__BRIEF__
Output range, inclusive: from the line containing "LEGO® úložný box 25 x 25 x 18 cm azurová" to the line containing "Green Wrap Dress". Restate those lines from the data below word for word and only those.
[[ TASK DATA open ]]
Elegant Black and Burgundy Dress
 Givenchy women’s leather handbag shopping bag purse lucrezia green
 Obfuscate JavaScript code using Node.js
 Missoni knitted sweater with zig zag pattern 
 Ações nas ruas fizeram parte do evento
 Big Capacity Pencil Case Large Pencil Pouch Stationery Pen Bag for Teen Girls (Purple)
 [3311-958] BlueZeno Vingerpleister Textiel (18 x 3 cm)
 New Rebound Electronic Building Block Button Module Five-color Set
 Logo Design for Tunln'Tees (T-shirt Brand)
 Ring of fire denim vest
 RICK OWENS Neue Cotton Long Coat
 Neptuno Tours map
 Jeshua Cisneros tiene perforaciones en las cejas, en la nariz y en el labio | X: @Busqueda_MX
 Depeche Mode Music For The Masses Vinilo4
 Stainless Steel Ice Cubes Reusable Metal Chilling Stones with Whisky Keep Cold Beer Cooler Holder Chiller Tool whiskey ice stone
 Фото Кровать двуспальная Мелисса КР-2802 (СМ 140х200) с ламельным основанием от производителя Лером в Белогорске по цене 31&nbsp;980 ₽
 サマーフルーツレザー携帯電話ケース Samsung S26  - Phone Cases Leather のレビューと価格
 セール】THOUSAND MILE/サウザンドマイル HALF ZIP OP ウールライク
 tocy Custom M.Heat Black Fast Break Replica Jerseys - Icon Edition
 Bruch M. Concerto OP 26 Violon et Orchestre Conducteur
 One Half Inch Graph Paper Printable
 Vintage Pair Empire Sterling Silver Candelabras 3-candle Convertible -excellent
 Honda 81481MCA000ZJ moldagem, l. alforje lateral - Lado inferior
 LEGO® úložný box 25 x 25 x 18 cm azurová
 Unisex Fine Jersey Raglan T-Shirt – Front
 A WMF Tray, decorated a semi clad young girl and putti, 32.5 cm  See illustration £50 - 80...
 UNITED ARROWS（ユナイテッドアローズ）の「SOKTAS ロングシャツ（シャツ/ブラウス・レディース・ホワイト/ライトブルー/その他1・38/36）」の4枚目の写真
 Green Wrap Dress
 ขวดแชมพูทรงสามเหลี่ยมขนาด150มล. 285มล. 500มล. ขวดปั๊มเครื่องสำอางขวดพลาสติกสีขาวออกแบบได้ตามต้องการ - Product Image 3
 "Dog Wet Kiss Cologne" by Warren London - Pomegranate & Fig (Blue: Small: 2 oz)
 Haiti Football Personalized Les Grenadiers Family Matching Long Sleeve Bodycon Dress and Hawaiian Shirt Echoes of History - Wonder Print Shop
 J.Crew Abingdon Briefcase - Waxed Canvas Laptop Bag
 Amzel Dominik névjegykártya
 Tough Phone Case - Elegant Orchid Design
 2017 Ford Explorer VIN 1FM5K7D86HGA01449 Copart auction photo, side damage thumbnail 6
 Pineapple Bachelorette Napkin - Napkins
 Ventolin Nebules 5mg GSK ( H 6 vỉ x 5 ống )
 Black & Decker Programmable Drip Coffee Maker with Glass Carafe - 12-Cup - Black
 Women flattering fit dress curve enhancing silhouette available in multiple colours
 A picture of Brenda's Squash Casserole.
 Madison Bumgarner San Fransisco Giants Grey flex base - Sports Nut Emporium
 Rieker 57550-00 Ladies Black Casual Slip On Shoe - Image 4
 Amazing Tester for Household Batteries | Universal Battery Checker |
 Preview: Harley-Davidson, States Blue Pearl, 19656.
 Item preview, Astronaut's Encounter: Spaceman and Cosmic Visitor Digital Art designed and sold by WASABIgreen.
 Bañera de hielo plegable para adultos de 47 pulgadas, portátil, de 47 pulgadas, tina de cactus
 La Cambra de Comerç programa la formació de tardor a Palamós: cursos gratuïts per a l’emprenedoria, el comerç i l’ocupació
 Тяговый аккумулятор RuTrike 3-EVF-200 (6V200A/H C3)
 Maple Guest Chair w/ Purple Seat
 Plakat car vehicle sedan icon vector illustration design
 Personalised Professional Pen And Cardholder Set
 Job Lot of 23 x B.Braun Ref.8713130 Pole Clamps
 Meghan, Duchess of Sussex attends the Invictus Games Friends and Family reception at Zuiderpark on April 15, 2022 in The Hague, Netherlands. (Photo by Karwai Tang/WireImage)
[[ TASK DATA closed ]]
__SOLUTION FOR THIS TASK__
 LEGO® úložný box 25 x 25 x 18 cm azurová
 Unisex Fine Jersey Raglan T-Shirt – Front
 A WMF Tray, decorated a semi clad young girl and putti, 32.5 cm  See illustration £50 - 80...
 UNITED ARROWS（ユナイテッドアローズ）の「SOKTAS ロングシャツ（シャツ/ブラウス・レディース・ホワイト/ライトブルー/その他1・38/36）」の4枚目の写真
 Green Wrap Dress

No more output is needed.